=== Instructions for the task ===
In the records that follow, find the line containing "Bed and breakfast La Maison De Laujol 3*" and the line containing "Roswell - Le Mystère (1994/de Jeremy Kagan)", then transcribe both and every line between them exactly, omitting pictures.

=== Dataset ===
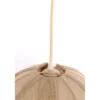 Lampa wisząca SUKAU 50 cm juta naturalna
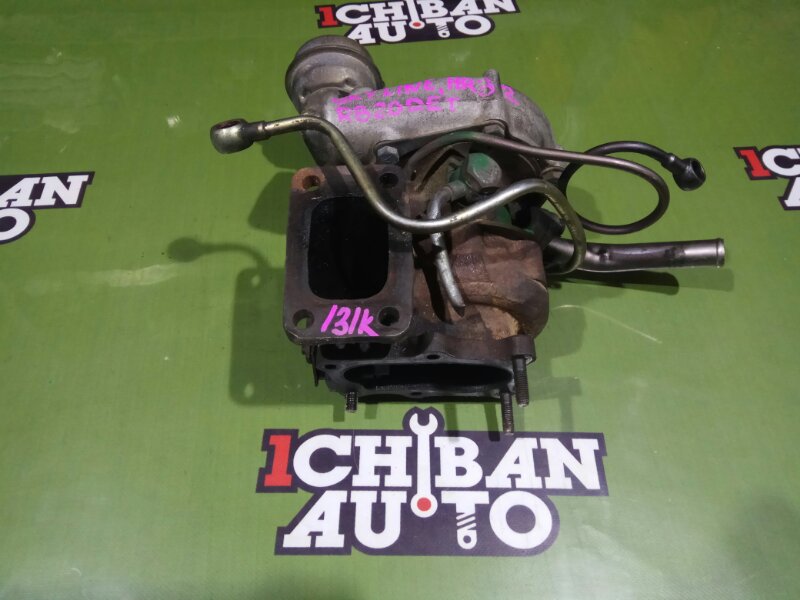 Запчасть турбина NISSAN SKYLINE HCR32 RB20DET контрактная Турбина NISSAN SKYLINE HCR32 RB20DET контрактная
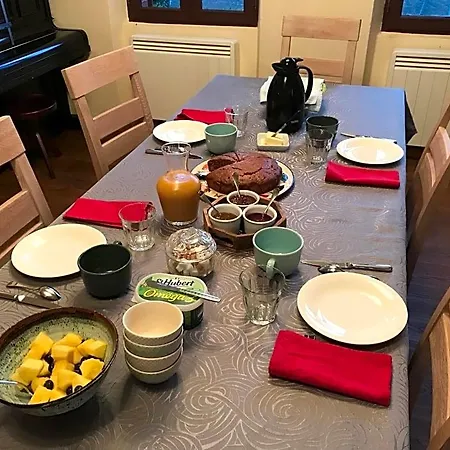 Bed and breakfast La Maison De Laujol 3*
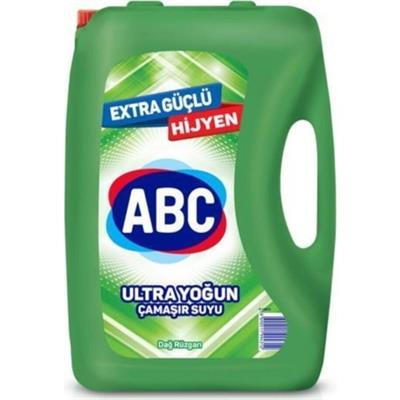 Abc Ultra Çamaşır Suyu Dağ Rüzgarı  3500 ml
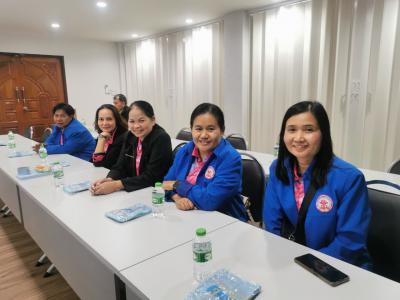 โครงการประชุมเชิงปฏิบัติการ การจัดทำแผนยุทธศาสตร์และการศึกษาดูงา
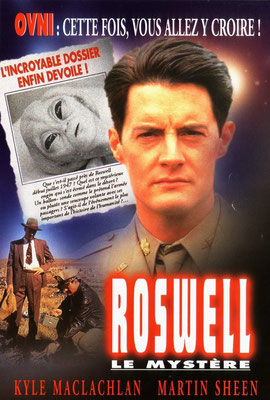Roswell - Le Mystère (1994/de Jeremy Kagan)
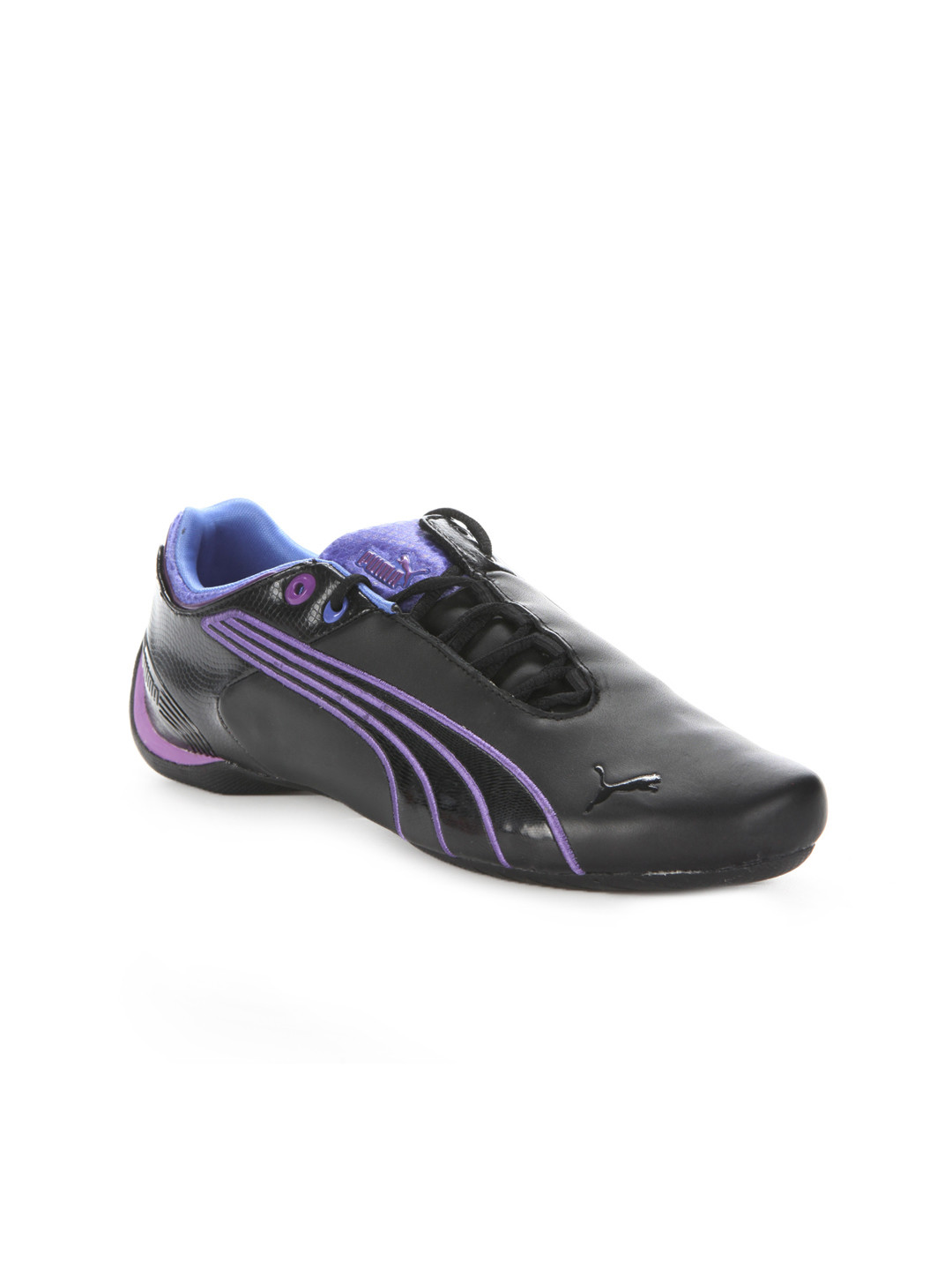 Buy Puma Women Black Future Cat M2 Weave Casual Shoes Casual Shoes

=== Your response ===
 Bed and breakfast La Maison De Laujol 3*
 Abc Ultra Çamaşır Suyu Dağ Rüzgarı  3500 ml
 โครงการประชุมเชิงปฏิบัติการ การจัดทำแผนยุทธศาสตร์และการศึกษาดูงา
Roswell - Le Mystère (1994/de Jeremy Kagan)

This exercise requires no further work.